Where Does the Energy Go?

PV systems are either stand-alone or grid-connected. The electricity from a stand-alone system is either used as it is produced or stored in batteries. In grid-connected systems, power generated by the array is used to supplement power supplied by the electric utility. When the modules don't provide enough electricity, the utility supplements the array. When the modules provide more than is needed, the excess is fed back into the power grid and the school's electric meter runs backwards. In these situations-in the 35 states that allow it-the school sells electricity back to the utility. This can be particularly important during "peak" periods of energy demand, when the utilities charge higher rates. These periods often coincide with times when the output from the PV array is also at its highest. If the school is getting maximum energy from its array at these times, it is buying less of the expensive "peak" energy from the utility. For most schools, a grid-connected system makes the most sense, especially (as is usually the case) when the PV array is not large enough to meet all the electricity needs of the facility. In special circumstances-for example, when a school is a designated place of refuge during emergencies-batteries can be added to a grid-connected system to store electricity when the utility grid is down.

Ford, Fairwell, Mills & Gatch Architects designed the independent Willow School in Gladstone , New Jersey. Its PV panels are mounted unobtrusively atop the building's dormers. Photo © Fairwell, Mills & Gatch Architects (above); Taylor photo (top)
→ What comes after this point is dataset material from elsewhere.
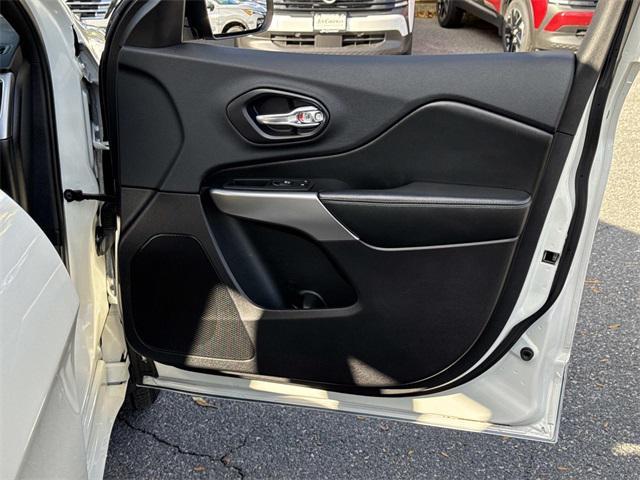 used 2019 Jeep Cherokee car, priced at $14,358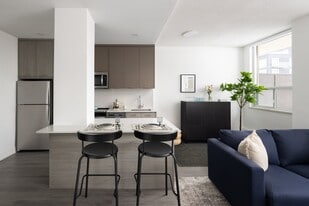 Maddox Tyndall in Toronto, ON - Building Photo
PV on-and in-the Architecture

The most common application of photovoltaic systems in buildings is the one we're most familiar with: an array mounted on the roof of a facility, facing south and tilted to take maximum advantage of the sun. Because schools typically have large expanses of roof area, such systems make a lot of sense for both new and existing construction, especially for larger arrays.

To mount PV arrays on schools, a number of different approaches can be used. In facilities with sloped roofs that face south (or slightly east or west of south), modules can be attached directly to the sloped roof with rails or some other form of bracket system. In schools with flat roofs, some form of frame system is typically used to hold the modules at the correct angle to maximize sun exposure. Ballasted systems are relatively new. They allow a PV array to simply lie down on the flat roof without the need for mechanical fasteners between the roof and the ballasted modules. This makes installation much simpler and avoids the multiple roof penetrations of a frame system.

PV cells are assembled into modules, then grouped into arrays, and then installed. The arrays produce DC power that is changed by an inverter into AC power for immediate use, or to charge batteries for later use.

In new construction, photovoltaic systems can actually be incorporated as substitutes for other building systems, such as roofs, atriums, canopies. Such an approach-referred to as "building integrated photovoltaics" (BIPV)- can result in first-cost savings, since the PV system isn't being added to an existing building component but is simply replacing it. The system can also be financed as part of the entire building, rather than as an "add-on."

While this sounds good in principle, BIPV systems are still relatively rare, especially in the schools market, and high-profile examples like the atrium glazing for the Tiger Woods Learning Center are exceptional.